Ramazan’dan sonra

Bir yıl önce soL portal’da yazdıklarımı hatırladım. Tarih 27 Ağustos 2012 imiş...

Ramazan aylarını ortamı dinselleştirmek için fırsat sayan dinci gericilik, Türkiye’yi dilediği hale getirememişti. Öne çıkan, seküler yaşam biçimini özellikle “örtünmemek” ve içki üstünden dışavuran bir halk direnciydi. Sonra bağnazlıkla dalga geçmeye başladı halk “şerefine Tayyip” yayıldı. En son, Haziran Direnişi’nin tabanında bu damar belirleyici hale geldi.

O yazıda, oysa demiştim, AKP’nin toplumu baskılamaya çok ihtiyacı vardı...

Bu yıl daha da fazlaydı aynı ihtiyaç!

Bu aralar gericiliğin parti ve cemaat kolları arasındaki itişmede siyasal ve kültürel İslamın ayrışmasını okumaya çalışanlar var. Bu fantezileri geçiniz. Toplumdaki seküler damarın baskılanması söz konusu olduğunda Gülen ile Erdoğan arasında ton farkı bile bulamazsınız.

Ramazan’ı değerlendirmek için ellerinden geleni yaptılar. Sanırım, daha önceki yıllarda olduğu gibi herkese açık, dev iftarlara cesaret edemediler. Bu alanın ellerinden kayıp gitme olasılığı yıkıcı olurdu.

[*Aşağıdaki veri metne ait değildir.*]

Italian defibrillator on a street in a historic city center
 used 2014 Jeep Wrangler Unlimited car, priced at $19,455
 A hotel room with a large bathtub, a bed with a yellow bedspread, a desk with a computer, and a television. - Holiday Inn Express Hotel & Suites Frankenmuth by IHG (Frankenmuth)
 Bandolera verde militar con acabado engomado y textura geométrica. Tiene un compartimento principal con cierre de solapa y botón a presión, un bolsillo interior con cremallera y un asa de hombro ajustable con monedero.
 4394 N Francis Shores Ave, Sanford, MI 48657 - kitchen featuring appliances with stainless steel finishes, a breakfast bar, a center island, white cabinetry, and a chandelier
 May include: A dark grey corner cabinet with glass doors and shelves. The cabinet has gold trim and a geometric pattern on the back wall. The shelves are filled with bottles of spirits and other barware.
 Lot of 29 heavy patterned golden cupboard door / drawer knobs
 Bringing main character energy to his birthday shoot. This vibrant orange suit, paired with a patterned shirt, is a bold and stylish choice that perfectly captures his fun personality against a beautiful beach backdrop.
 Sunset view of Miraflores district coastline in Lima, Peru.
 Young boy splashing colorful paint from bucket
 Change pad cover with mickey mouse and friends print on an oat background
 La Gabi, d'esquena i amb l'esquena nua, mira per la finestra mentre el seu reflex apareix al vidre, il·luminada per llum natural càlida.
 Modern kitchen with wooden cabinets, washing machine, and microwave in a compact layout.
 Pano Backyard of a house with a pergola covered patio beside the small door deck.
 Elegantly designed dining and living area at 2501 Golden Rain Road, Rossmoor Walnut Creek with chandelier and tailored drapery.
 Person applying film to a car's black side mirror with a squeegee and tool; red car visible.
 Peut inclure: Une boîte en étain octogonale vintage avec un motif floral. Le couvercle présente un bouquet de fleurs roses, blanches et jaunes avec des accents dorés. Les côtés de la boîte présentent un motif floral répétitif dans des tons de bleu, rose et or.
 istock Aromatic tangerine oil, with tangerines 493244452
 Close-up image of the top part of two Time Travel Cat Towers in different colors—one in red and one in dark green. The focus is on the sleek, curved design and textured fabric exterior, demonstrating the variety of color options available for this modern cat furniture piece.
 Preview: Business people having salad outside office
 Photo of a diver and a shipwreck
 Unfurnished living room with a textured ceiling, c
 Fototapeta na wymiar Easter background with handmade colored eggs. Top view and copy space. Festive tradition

Halk hareketine karşı “Erdoğan çözümü”, toplumun bütününe hitap etmekten büsbütün vazgeçmeyi esas alıyor. AKP kalan yüzde 50’yle, bırakın ittifak kurmayı, herhangi bir rezonans dahi tutturamayacağını kabul ederek kendi tabanını kemikleştirmek üstünden gidiyor. Bir tür iç savaş stratejisi.

Hal böyleyken belediyeler eliyle örgütlenecek yaygın iftar sofralarının kontrolden çıkması, söz konusu stratejinin erken ve en olmadık konjonktürde, Ramazan’da çökmesi olurdu.

“Bindirilmiş kıtalar” formülünü buldular. Erdoğan’ın Haziran mitinglerindeki gibi…

O mitingler tutmamıştı. İftarlar da tutmadı.

2013 Ramazanı dinci gericiliğin hanesine yazılacak bir hatıra bırakmadan geçti gitti. Ama bu yoldan dönemezler.

“Ey Nobel, sen nasıl barış ödülleri dağıtıyorsun...” seslenişi, siyasi iktidarın mutlak bir cehalet ve karşı devrimciliğe indirgendiğinin ilanıdır. Ödülleri Nobel diye bir adamın organizasyonu zanneden Başbakan’a, bu son derece dar, faşist cehalet alanından daha mantıklı bir konuşma metni çıkmıyor. Danışmanları arasında Nobel’in kim olduğunu bilen vardır. Ama hep birlikte en sakil, en düz demagojiyi tercih ediyorlar.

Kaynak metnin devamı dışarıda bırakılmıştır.